Tuesday, April 17, 2012

Does religion sell us short?

Carl Sagan, the great astronomer and author, once said that religion “assumes that people are children and need a boogeyman so they’ll behave.” He believed that religion sells people short and diminishes their ability to solve their own problems.

There is truth in that. I find myself strongly in agreement with him.

I grew up in the church. I wanted to be a professional baseball player or a broadcast journalist but I ended up being a Christian minister instead. A lot of it was because my parents instilled in me the notion that service to God was the highest calling available. They were deeply religious and it was difficult to ever get away from the idea that nothing much mattered except a life of devotion to the church.

I spent 22 years in active ministry—preaching, teaching, writing, studying, digging into the Bible for answers to life, wrestling with the very conservative beliefs of my denomination, questioning hell and sin and judgment, reading the classical theologians, trying desperately to understand suffering in the world and where the heck God really was in all of that.

I do not believe people are born into sin. What a horrible, cruel thing to teach people. You come into this world with all of the beauty and gifts of life and the first thing you’re told by the church is you’re evil, that you have a sinful nature, and that you are doomed to burn in hell forever. Your only hope is salvation in Christ, baptism, the Sacraments, Confession, Communion, following every word of a human Bible as though it is some perfect magical book.

None of that ever made any sense to me. I tried like crazy at first to believe it, to make it a part of my religious experience, to live by it, and to get others to believe it too. But after a few years on the battle field that is church, and seeing the very real struggles of the people in my congregations in spite of their faith, I finally gave up. I was a sort of closet humanist for years trying to fit Christianity into that. Surprisingly it worked in many ways. I found a comfort and strength in the theology and philosophy of ministry I pieced together. It was not orthodox but it was mine and I could live by it with integrity.

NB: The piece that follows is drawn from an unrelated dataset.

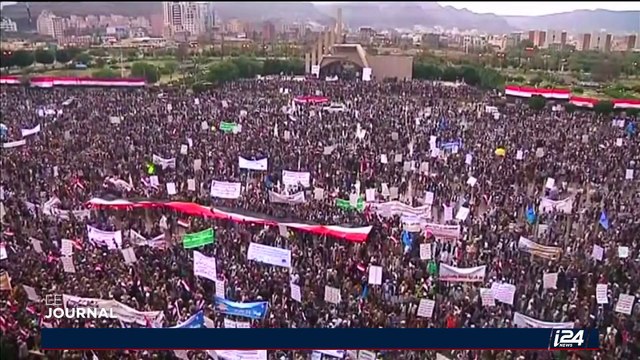 Diplomatie: Sanctions américaines contre l'Iran pour ses missiles balistiques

I didn’t try to fool people. I spoke openly of my spiritual frustrations, my ongoing argument with established religion, with denominational politics, with narrow-mindedness, with the holier-than-thou thing that church too often creates, and with a whole lot that was in the Bible. Some people stayed furious with me. Some were tolerant. And some totally identified and wanted to know more of what I meant by what I said from the pulpit or in small group discussions.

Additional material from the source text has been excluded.